RE: Plymster @ 3 – Ultimately it’s all about how they’re underwritten, and whether there are appropriate risk premiums in place to deal with the higher defaults inherent with the risks. The main issue with ‘bubble era’ loans was the risk was layered and obfuscated in a way few people understood. It wasn’t just IO or high ltv that caused the problems, it was when there were 2, 4, 8+ additional risks layered on and no reserves to back up these complicated loan models – and that caused a financial meltdown.

The biggest risk that wasn’t accounted for, especially in subprime, was a protracted downturn, or even a flattening in home values. Subprime, as it was structured in the middle of the last decade was a ponzi scheme absolutely dependent on increasing home values for the loans to be paid back.

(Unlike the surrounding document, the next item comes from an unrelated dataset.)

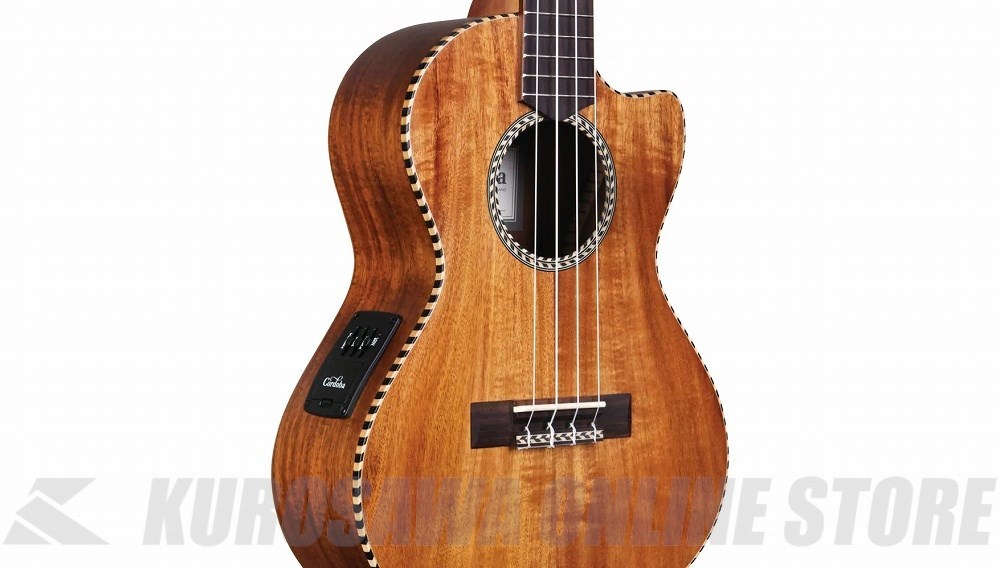 Cordoba 25T-CE（新品）【楽器検索デジマート】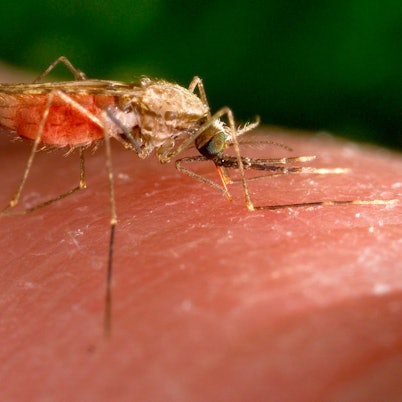Eine Anophelesmücke sitzt auf einem Menschenarm und sticht zu. Er überträgt den für Menschen gefährlichen Malaria-Erreger.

I don’t get the impression that the risk of price declines is being overlooked in today’s lending the way it was back then.

The other key difference is the number of risk layered loans relative to the market as a whole. When 80%+ of the market is fixed rate loans to well qualified buyers, there’s less chance a small % of poorly performing loans will contaminate the entire market. What we had back in 2006 was a situation where bubble markets were 70%+ dominated by subprime and alternative loan products, most of which had a reset or recast date within 2-5 years – and there was little chance the borrower could refinance out of these products unless prices kept going up or the borrower magically received a big sack of cash.

There’s always going to be a potential for that to happen again, but a handful of ‘affordability’ programs and moderately risk layered loans to well qualified borrowers isn’t a sign that Bubble 2.0 is imminent. If these products start making up 50% of new loans, then yes, it’s probably time to get ready to either sell or cash out everything you can and head for the hills.

5. 5
YOYO says:

I skim this blog 2-3 times a week for the past 3 years.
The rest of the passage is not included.